Suzana Popovic-Montag: That’s right, otherwise you’re really exposing it to having an impact ultimately on the trustee’s compensation because there’ll be an argument that’ll likely be made that they ought not to be receiving compensation for having invested in their own instruments or mutual funds to their own benefit, especially if there’s a management fee component that’s actually included in the mutual fund itself.
Ian Hull: And sometimes people will take the investment accounts and criticize them on the basis that if you are paying the investment advisor, that should come off compensation. So say there is that fee that you’re talking about on the mutual fund account. Is there an argument to say that that should be deducted from compensation? And the case law certainly in Canada is a bit mixed on that so, again, we just leave ourselves exposed to a possible criticism and something to keep in mind in the process of these investment accounts if we’re attacking them or if we’re defending them.

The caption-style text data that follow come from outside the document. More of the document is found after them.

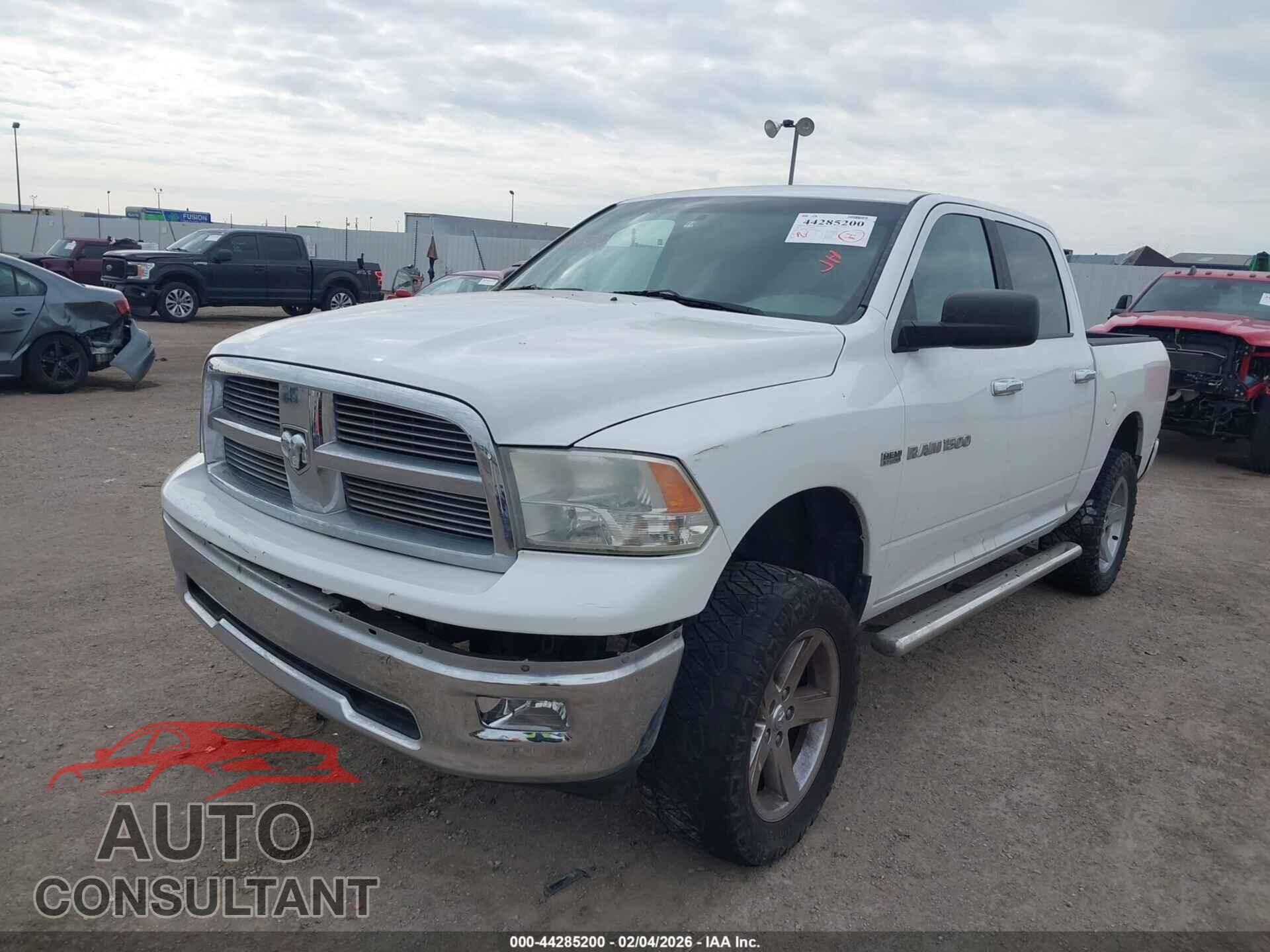 DODGE RAM 1500 2012 - 1C6RD6LT6CS143135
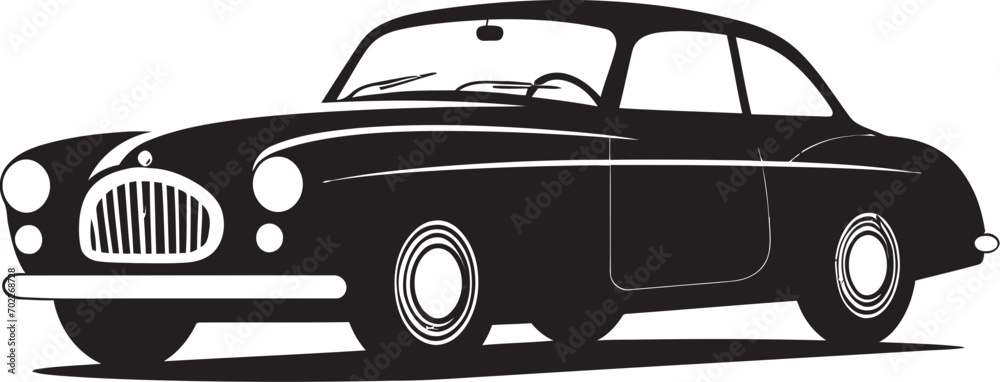 Antique Allure Logo Icon Design Heritage Wheels Black Vintage Car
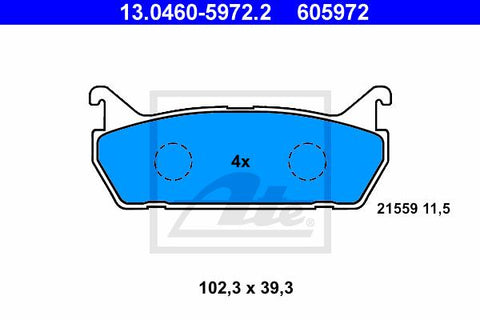 BALATAS TRASERAS 7338 D458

Suzana Popovic-Montag: Well I think that sort of wraps this up for us, Ian. I just want to take you back to a point that you mentioned a little bit earlier today and that is, ultimately the investment account has to balance. And so all the receipts that have come in and all the disbursements that have gone out have to balance in order for that account to properly reflect what has gone on.
Ian Hull: Well that’s great, Suzana. Thanks very much for this discussion today and hope you enjoy what is, I’m told, going to be a nice summer weekend.
Suzana Popovic-Montag: Thanks, Ian, you too.
You’ve been listening to Hull on Estate and Succession Planning with Ian Hull and Suzana Popovic-Montag. The podcast you have been listening to has been provided as an information service. It is a summary of current legal issues in estates and estate planning. It is not legal advice and you are reminded to always talk with a legal professional regarding your specific circumstances.